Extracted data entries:

┄┄┄┄┄┄

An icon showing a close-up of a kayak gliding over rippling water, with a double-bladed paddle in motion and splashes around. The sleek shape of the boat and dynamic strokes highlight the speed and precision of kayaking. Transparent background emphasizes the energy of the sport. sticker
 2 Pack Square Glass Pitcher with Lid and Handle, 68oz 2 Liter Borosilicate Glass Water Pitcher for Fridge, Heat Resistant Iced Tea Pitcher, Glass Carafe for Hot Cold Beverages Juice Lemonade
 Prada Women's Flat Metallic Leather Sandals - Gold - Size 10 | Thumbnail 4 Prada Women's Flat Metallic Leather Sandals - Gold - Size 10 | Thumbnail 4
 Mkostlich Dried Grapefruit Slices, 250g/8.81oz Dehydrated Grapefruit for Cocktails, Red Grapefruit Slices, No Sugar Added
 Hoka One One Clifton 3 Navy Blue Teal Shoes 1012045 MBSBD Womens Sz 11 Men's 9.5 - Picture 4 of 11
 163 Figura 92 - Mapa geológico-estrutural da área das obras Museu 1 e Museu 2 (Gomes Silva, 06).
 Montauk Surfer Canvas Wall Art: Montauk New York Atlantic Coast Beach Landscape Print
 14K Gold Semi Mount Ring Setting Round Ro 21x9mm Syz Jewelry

┄┄┄┄┄┄

Exercise directions >> Please transcribe all of the entries precisely.

Expected output >>
An icon showing a close-up of a kayak gliding over rippling water, with a double-bladed paddle in motion and splashes around. The sleek shape of the boat and dynamic strokes highlight the speed and precision of kayaking. Transparent background emphasizes the energy of the sport. sticker
 2 Pack Square Glass Pitcher with Lid and Handle, 68oz 2 Liter Borosilicate Glass Water Pitcher for Fridge, Heat Resistant Iced Tea Pitcher, Glass Carafe for Hot Cold Beverages Juice Lemonade
 Prada Women's Flat Metallic Leather Sandals - Gold - Size 10 | Thumbnail 4 Prada Women's Flat Metallic Leather Sandals - Gold - Size 10 | Thumbnail 4
 Mkostlich Dried Grapefruit Slices, 250g/8.81oz Dehydrated Grapefruit for Cocktails, Red Grapefruit Slices, No Sugar Added
 Hoka One One Clifton 3 Navy Blue Teal Shoes 1012045 MBSBD Womens Sz 11 Men's 9.5 - Picture 4 of 11
 163 Figura 92 - Mapa geológico-estrutural da área das obras Museu 1 e Museu 2 (Gomes Silva, 06).
 Montauk Surfer Canvas Wall Art: Montauk New York Atlantic Coast Beach Landscape Print
 14K Gold Semi Mount Ring Setting Round Ro 21x9mm Syz Jewelry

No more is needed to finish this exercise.